● **WHAT THE TASK REQUIRES**
Transcribe word for word each line from the one containing "Golden Peach Kanchipuram Silk Saree" to the final line of the data, both included. Skip the pictures.

==================================================

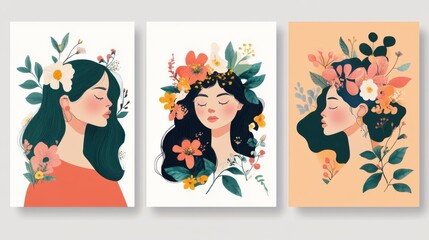 Fototapeta premium Whimsical Women's Day greeting card set with colorful illustrations.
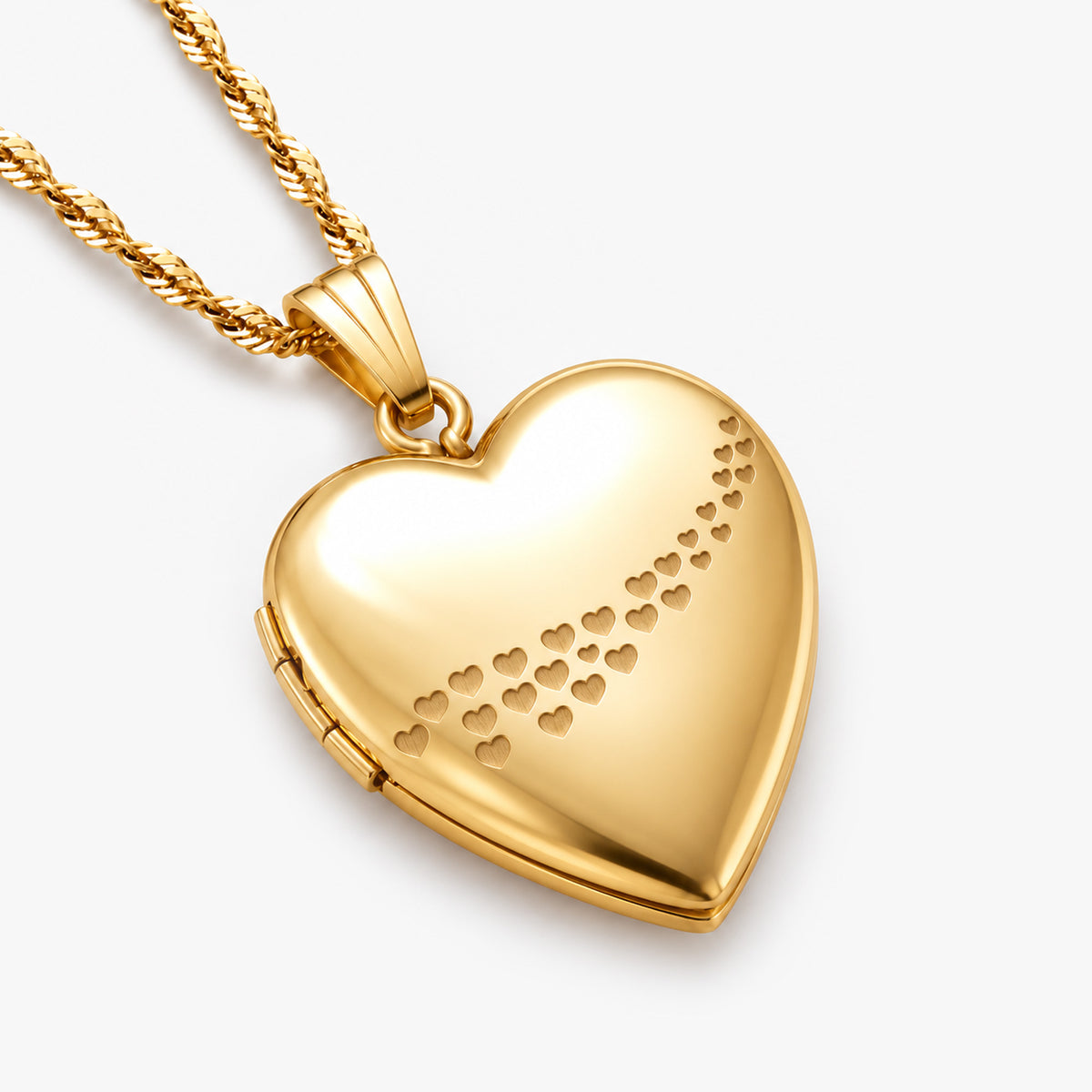 14K Gold-Filled Cascade Of Hearts Photo Locket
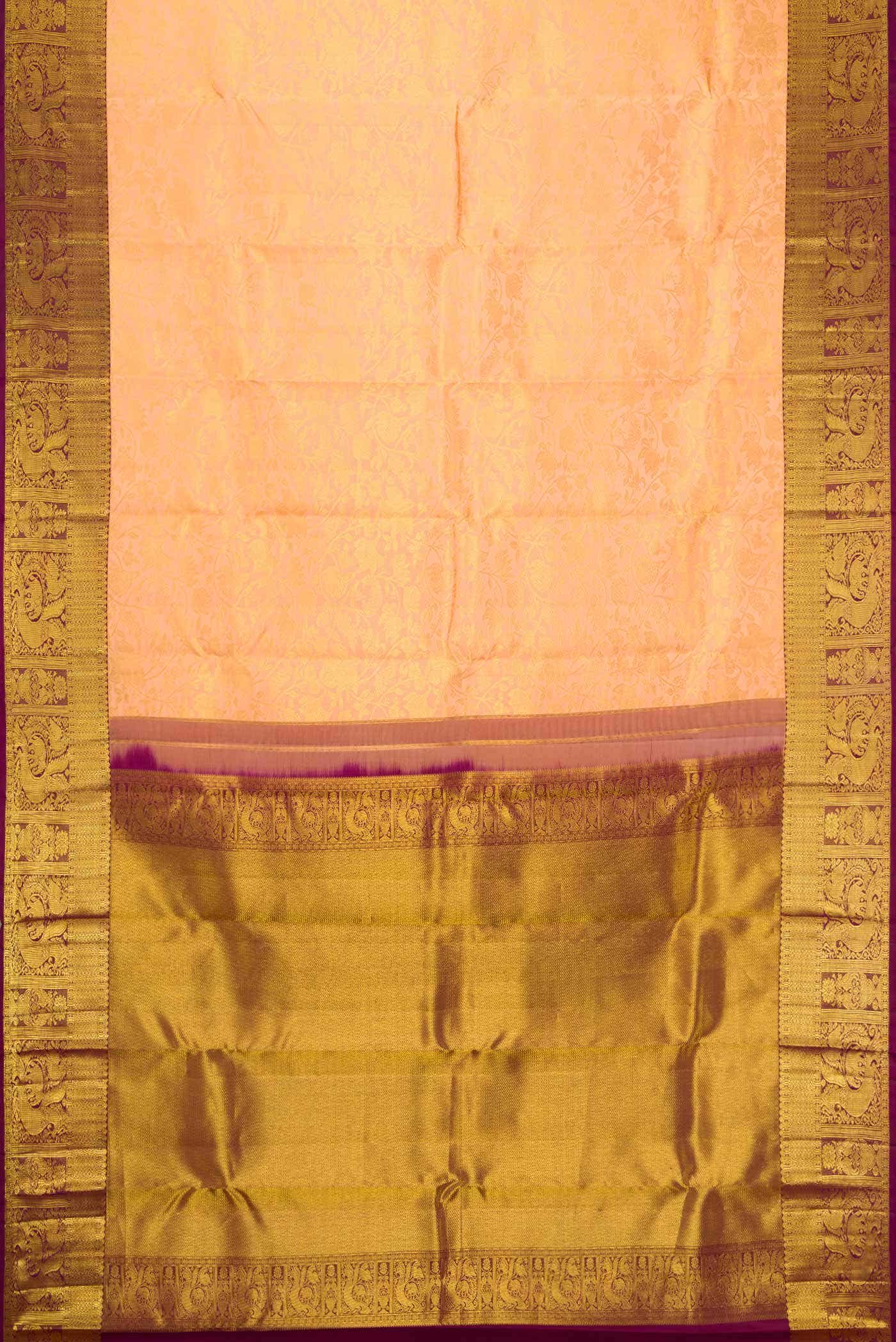 Golden Peach Kanchipuram Silk Saree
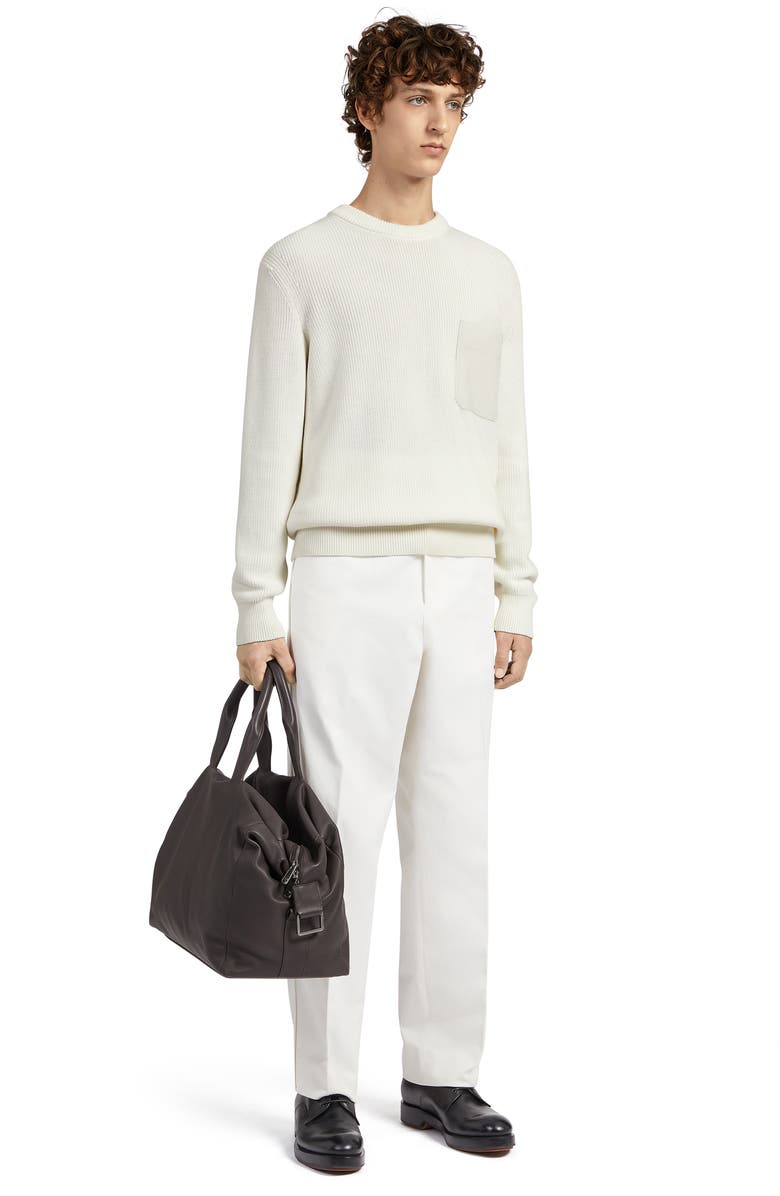 ZEGNA Cotton & Silk Crewneck Sweater, Alternate, color, 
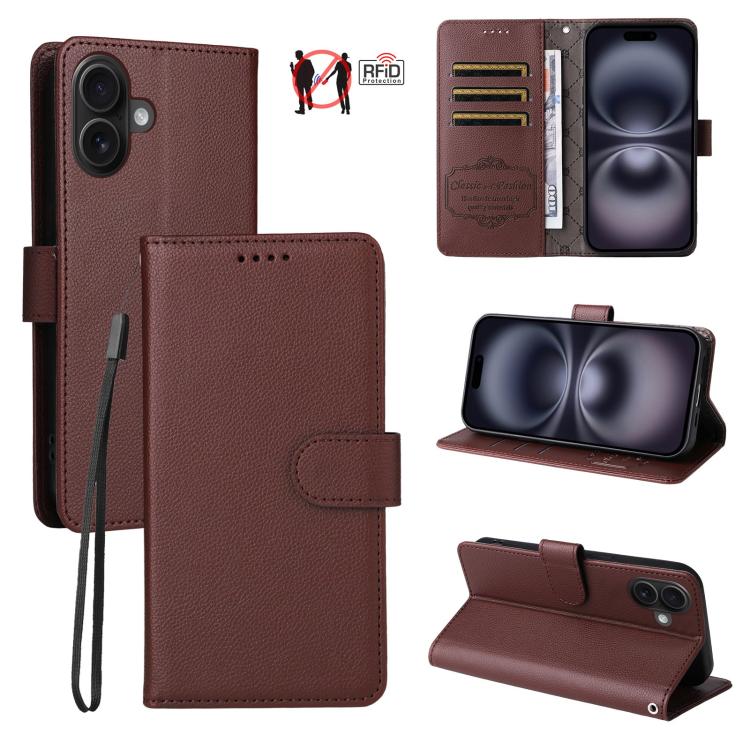 

For iPhone 16 Plus Litchi Texture RFID Blocking 3-Card Wallet Leather Phone Case(Brown)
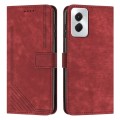 For Motorola Moto G Power 5G 2024 Skin Feel Stripe Pattern Leather Phone Case with Lanyard(Red)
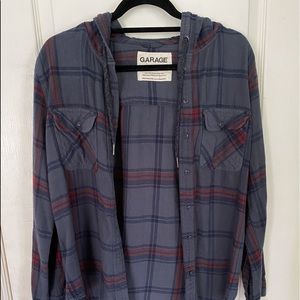 Garage boyfriend hooded flannel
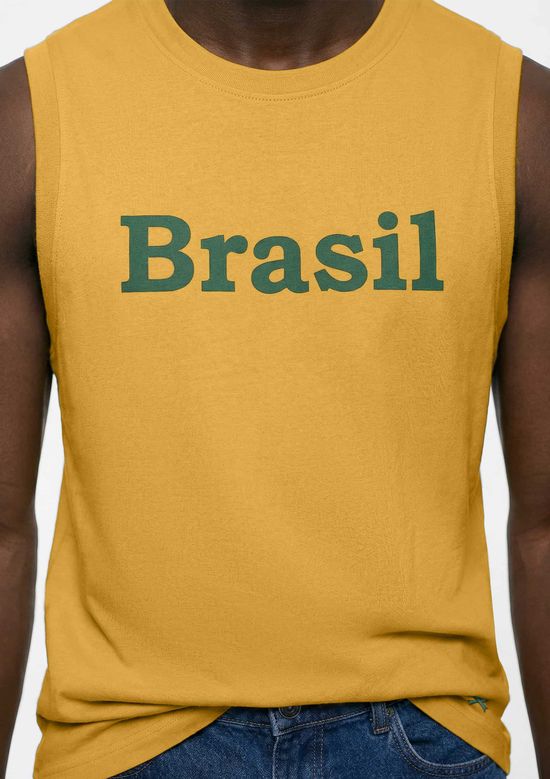 Foto do produto: Regata Masculina Em Malha Com Estampa Drop Brasil - Amarelo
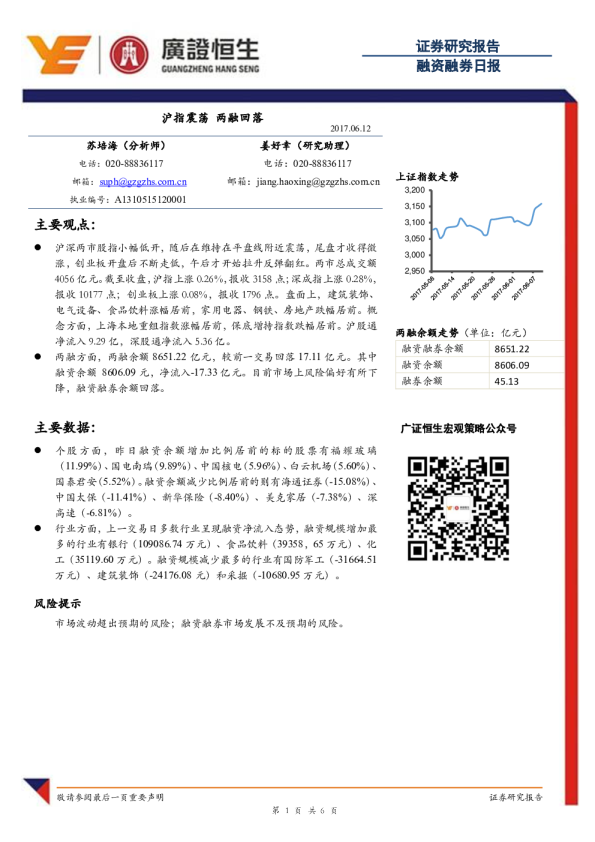 融资融券日报：沪指震荡 两融回落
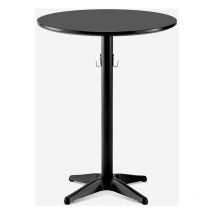 Ahd Amazing Home Design - Table de bar ronde haute 70x105cm noire avec crochet pour sac Engys+
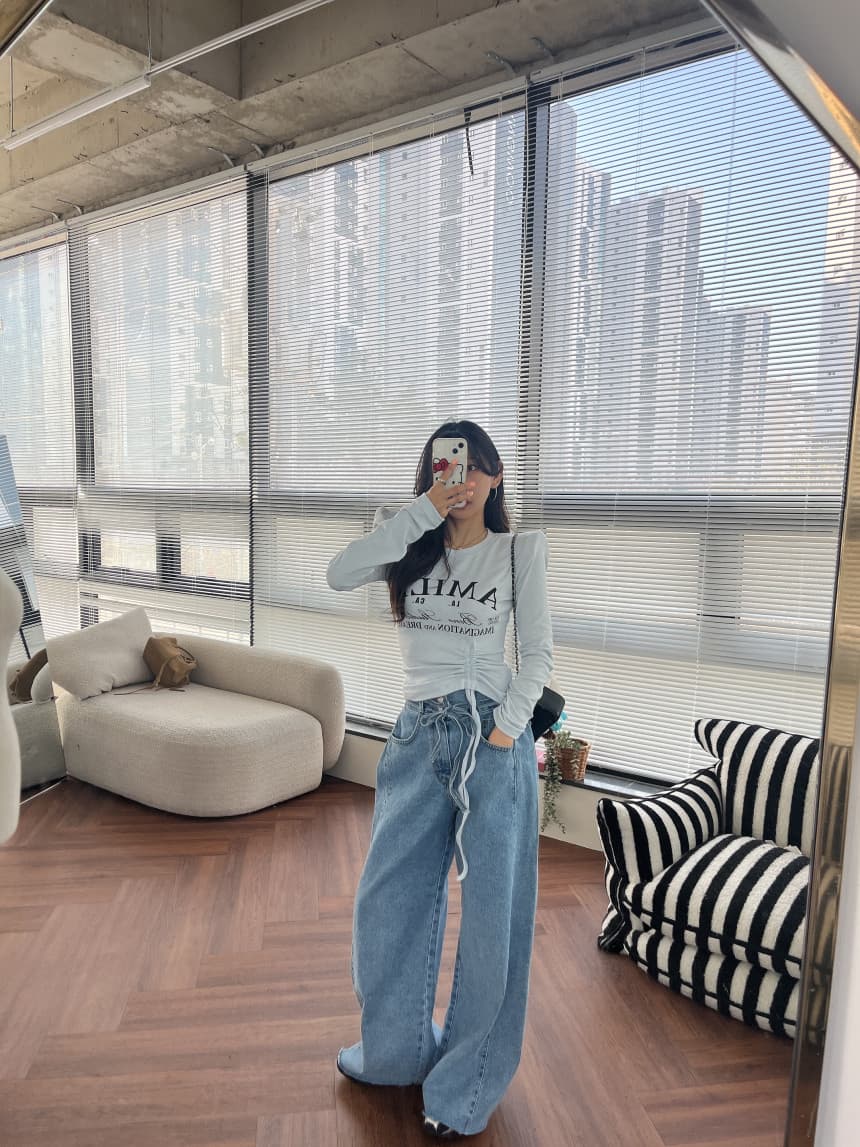 4 가지 색상 지금 봄 새로운 신제품 여성 의류 단색 두 버클 압축 압력 라인 거친 가장자리 청바지 상세 이미지 11
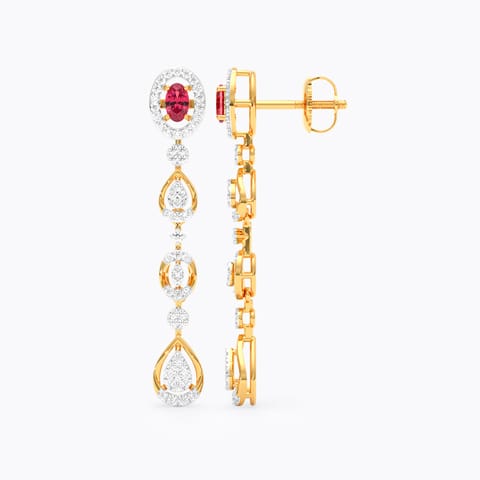 Serene Trail Diamond Drop Earrings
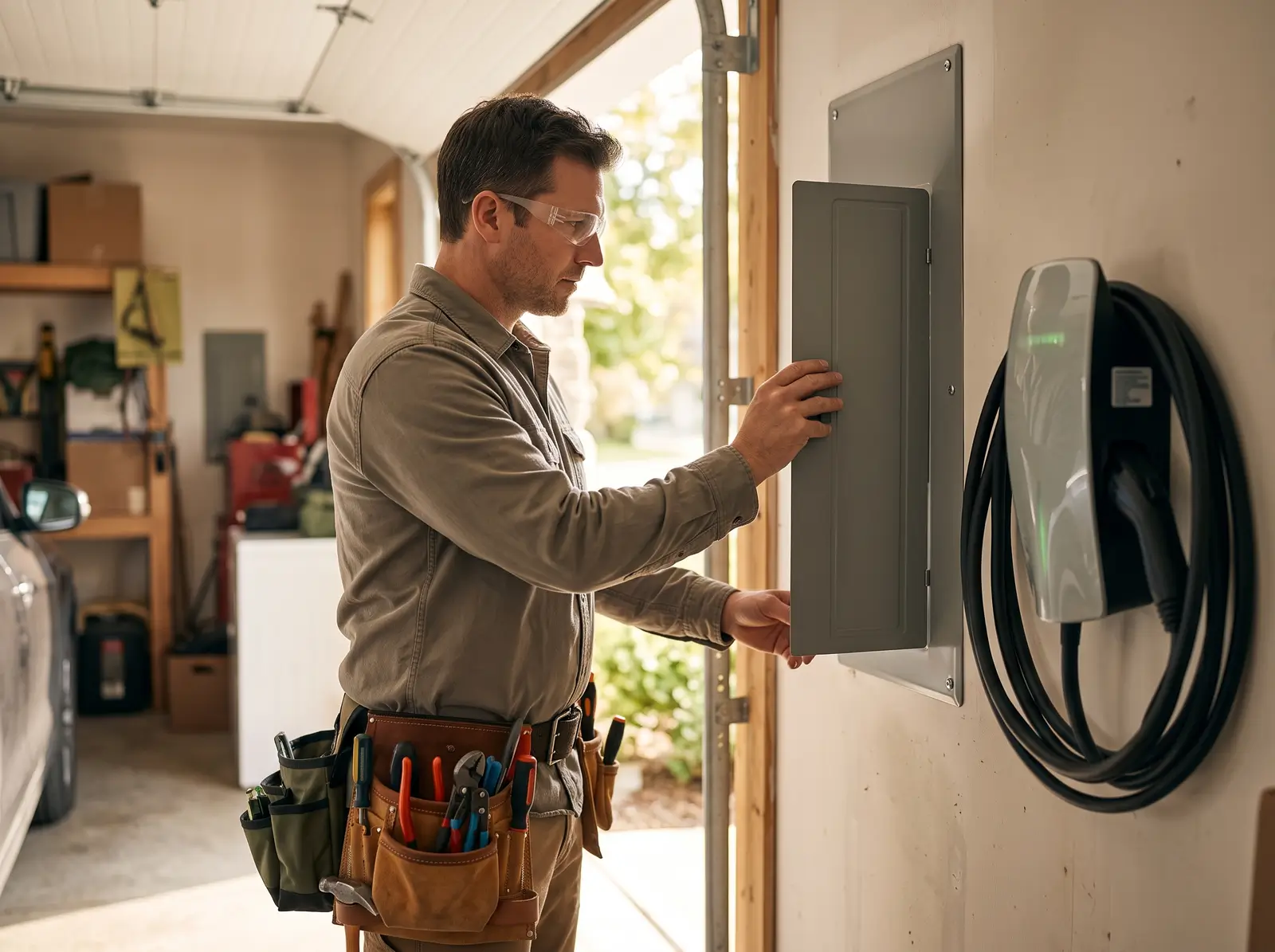 Electrician closing a residential breaker panel next to an EV charger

==================================================

● **WRITTEN RESPONSE**
 Golden Peach Kanchipuram Silk Saree
 ZEGNA Cotton & Silk Crewneck Sweater, Alternate, color, 

For iPhone 16 Plus Litchi Texture RFID Blocking 3-Card Wallet Leather Phone Case(Brown)
 For Motorola Moto G Power 5G 2024 Skin Feel Stripe Pattern Leather Phone Case with Lanyard(Red)
 Garage boyfriend hooded flannel
 Foto do produto: Regata Masculina Em Malha Com Estampa Drop Brasil - Amarelo
 融资融券日报：沪指震荡 两融回落
 Ahd Amazing Home Design - Table de bar ronde haute 70x105cm noire avec crochet pour sac Engys+
 4 가지 색상 지금 봄 새로운 신제품 여성 의류 단색 두 버클 압축 압력 라인 거친 가장자리 청바지 상세 이미지 11
 Serene Trail Diamond Drop Earrings
 Electrician closing a residential breaker panel next to an EV charger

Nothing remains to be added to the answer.